“Kestabilan ASEAN sangat penting bagi Indonesia,” kata Menteri Koordinator Bidang Kemaritiman dan Investasi (Menko Marves) Luhut Binsar Pandjaitan saat menjadi pembicara kunci dalam Jakarta Geopolitical Forum VII/2023 “ASEAN’s Future: Addressing the Region’s Geo-Maritime Rifts” pada Rabu (14/6), di Hotel Borobudur, Jakarta.

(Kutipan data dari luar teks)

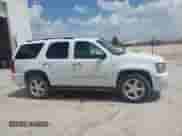 2010 Chevrolet Tahoe LS with VIN 1GNUCAE07AR286506, listed as a IAAI auction lot 43094593 with 234,553 mi miles and . Bid and sale history available at DreamBid. Image 13.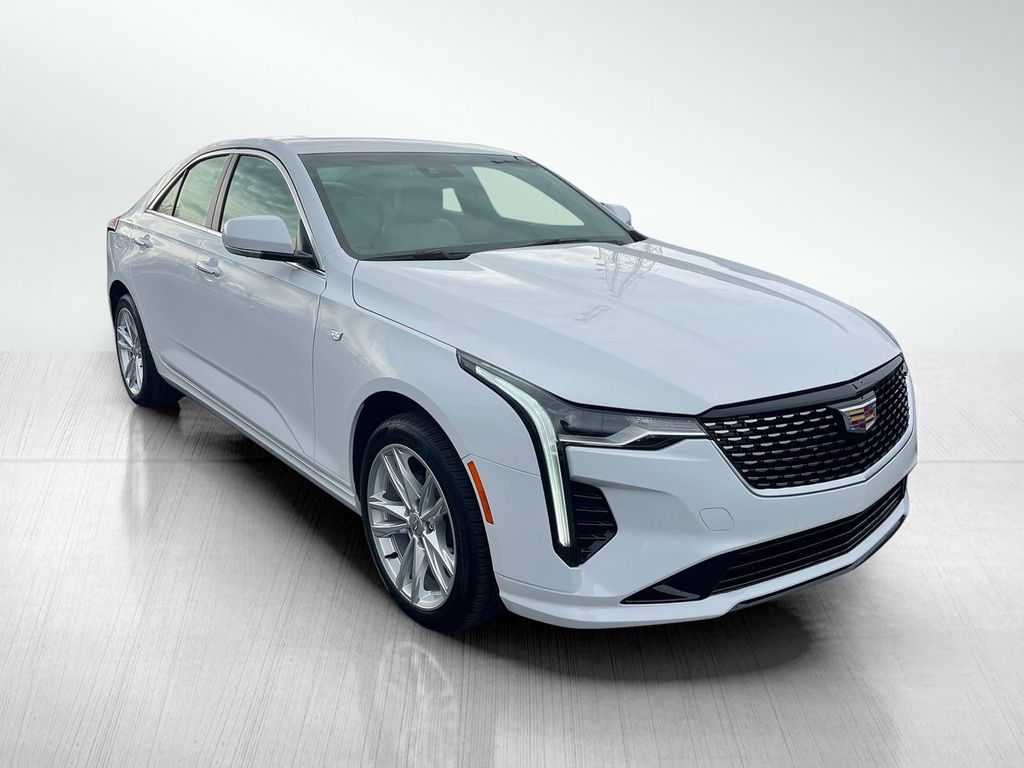 2025 Cadillac CT4 Luxury AWD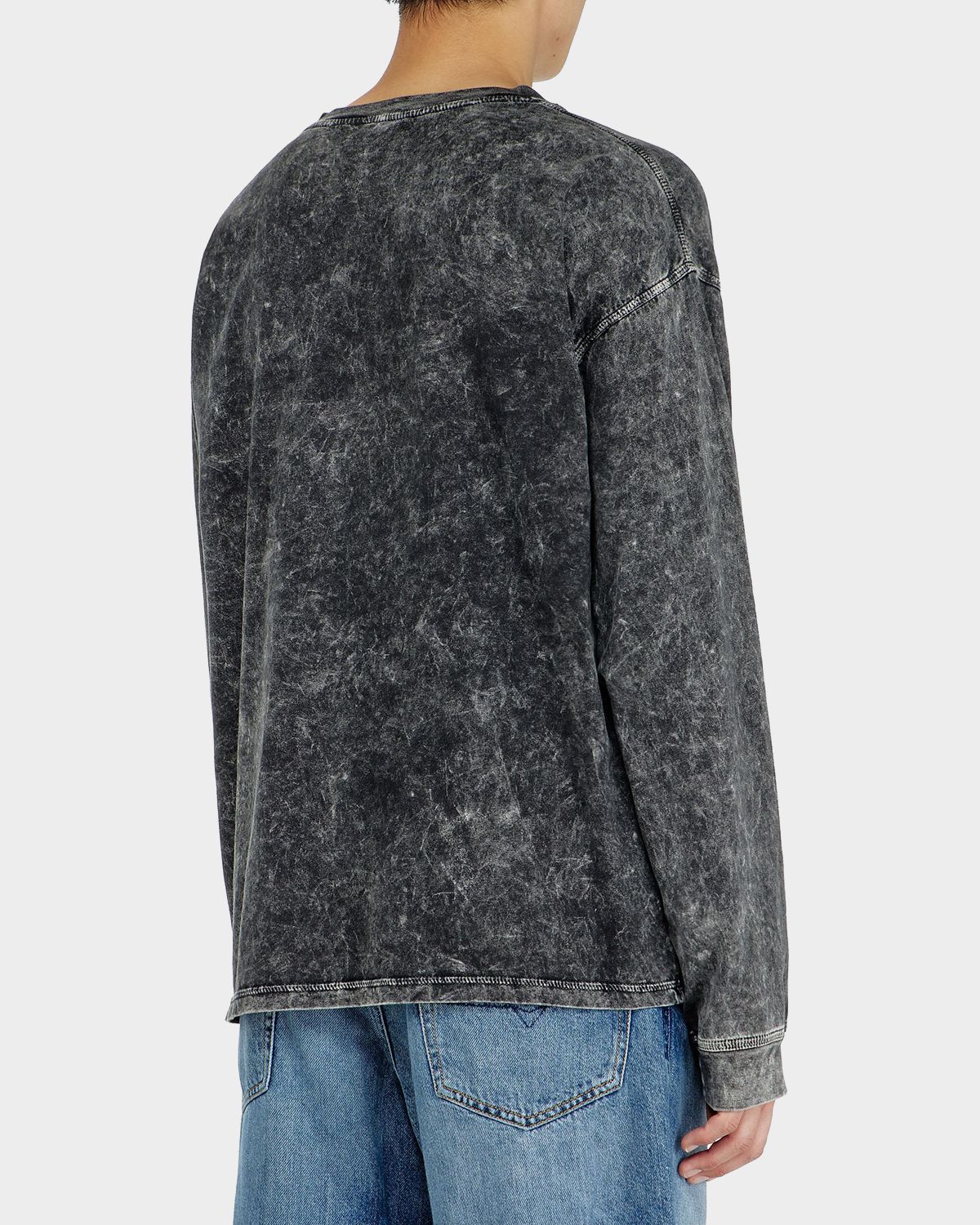 Diesel Men 's Logo Acid-Washed Cotton Long-Sleeve T-Shirt | Thumbnail 3 Diesel Men 's Logo Acid-Washed Cotton Long-Sleeve T-Shirt | Thumbnail 3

Lebih lanjut, Luhut Binsar Pandjaitan menyampaikan bahwa ketegangan geopolitik dan konflik global semakin meningkat. Hal tersebut menjadi tantangan utama yang dihadapi ASEAN. Menurutnya, kerja sama antarnegara ASEAN menjadi sangat dibutuhkan dalam mengatasinya. Terkait hal tersebut, Ia juga melihat Indonesia ke depan akan fokus untuk menjadikan ASEAN menjadi kawasan ekonomi yang berkembang cepat, inklusif, dan berkelanjutan.
“Indonesia terlalu besar untuk condong ke negara superpower manapun,” ucap Luhut Binsar Pandjaitan. Dengan tegas, dirinya menyampaikan bahwa Indonesia mau bekerja sama dan berkolaborasi dengan negara manapun, negara yang mau melakukan transfer teknologi dan berinvestasi. Selain itu, ia juga mengatakan telah menyampaikan kepada negara lain untuk tidak menyentuh integritas wilayah Indonesia. “Jangan sentuh integritas wilayah kami, jangan mendiskusikan hal itu. Kita harus menghormati hukum internasional,” tegasnya.
Seiring dengan langkah tersebut, Indonesia tetap terus mempertahankan hubungan baik dengan siapapun, tapi disaat yang bersamaan setiap pihak juga harus memahami posisinya masing-masing. Menurut Luhut Binsar Pandjaitan, Indonesia tidak menentang negara maju. Namun, negara maju juga harus memahami bahwa negara berkembang memiliki hak untuk menjadi negara dengan pendapatan tinggi.
“Negara berkembang juga memiliki hak untuk menjadi negara dengan pendapatan tinggi. Kita tidak ingin seperti dulu, kemiskinan tinggi, banyak masyarakat yang tidak berpendidikan, jadi kita harus terus maju melalui hilirisasi industrI,” pungkas Luhut Binsar Pandjaitan.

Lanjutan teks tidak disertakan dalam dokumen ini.